With some fanfare, Gov. Jon Corzine announced on Sept. 24 a package of ethics reform legislation that addresses issues including campaign donors being rewarded with government contracts.
However, Corzine’s proposals drew criticism from local legislators last week, who complained that they weren’t consulted and that the laws will only favor wealthy political candidates.
Some of Corzine’s initiatives were issued by executive order, but others will be voted on during this year’s state legislative session by state senators and Assembly members.
Corzine, a Hoboken resident, had already implemented ethics initiatives in state government including banning multiple pensions and creating a state comptroller to oversee state finances.
Corzine said last week that his new reforms are meant to end “the insider deals, influence peddling, and self-interest of old politics.”

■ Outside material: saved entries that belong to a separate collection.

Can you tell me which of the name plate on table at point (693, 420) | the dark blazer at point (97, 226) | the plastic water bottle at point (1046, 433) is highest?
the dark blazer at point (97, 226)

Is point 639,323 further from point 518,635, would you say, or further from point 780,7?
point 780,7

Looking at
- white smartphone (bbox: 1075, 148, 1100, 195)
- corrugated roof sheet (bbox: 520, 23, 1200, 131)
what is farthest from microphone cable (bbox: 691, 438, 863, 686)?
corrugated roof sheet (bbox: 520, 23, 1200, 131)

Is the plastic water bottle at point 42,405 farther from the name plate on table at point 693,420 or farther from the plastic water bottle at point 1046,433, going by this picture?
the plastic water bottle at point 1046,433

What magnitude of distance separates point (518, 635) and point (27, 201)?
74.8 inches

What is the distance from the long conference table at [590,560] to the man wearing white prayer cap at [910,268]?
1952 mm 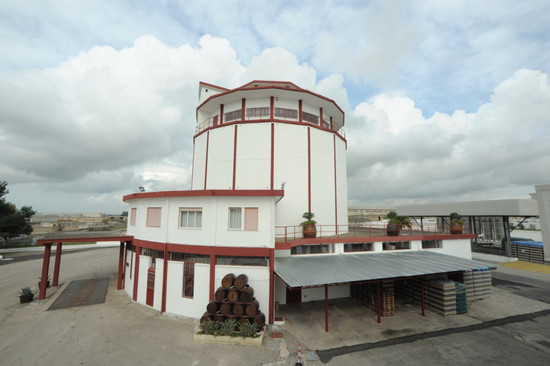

While there are already laws in place to limit contributions from certain contractors doing businesses with towns, the new legislation seeks to:
* Ban contributions by county or municipal committees to other county or municipal committees.
* Monitor state development contracts so contractors are receiving contracts because they are qualified and not because they made a donation.
* Appoint a task force to make recommendations on ethics enforcement.
Basically, if Corzine’s legislation passed, the only people who could donate to elections would be individuals, as well as contractors who didn’t seek to do business with the candidate or government body in question.
There are already state and federal guidelines limiting how much an individual can donate to a political campaign or committee.
For more on Corzine’s ethics reform package, visit: http://www.state.nj.us/governor/news/news/2008/approved/20080924a.html.
Hurts the poor?
But Corzine’s seemingly noble intentions aren’t cutting it locally.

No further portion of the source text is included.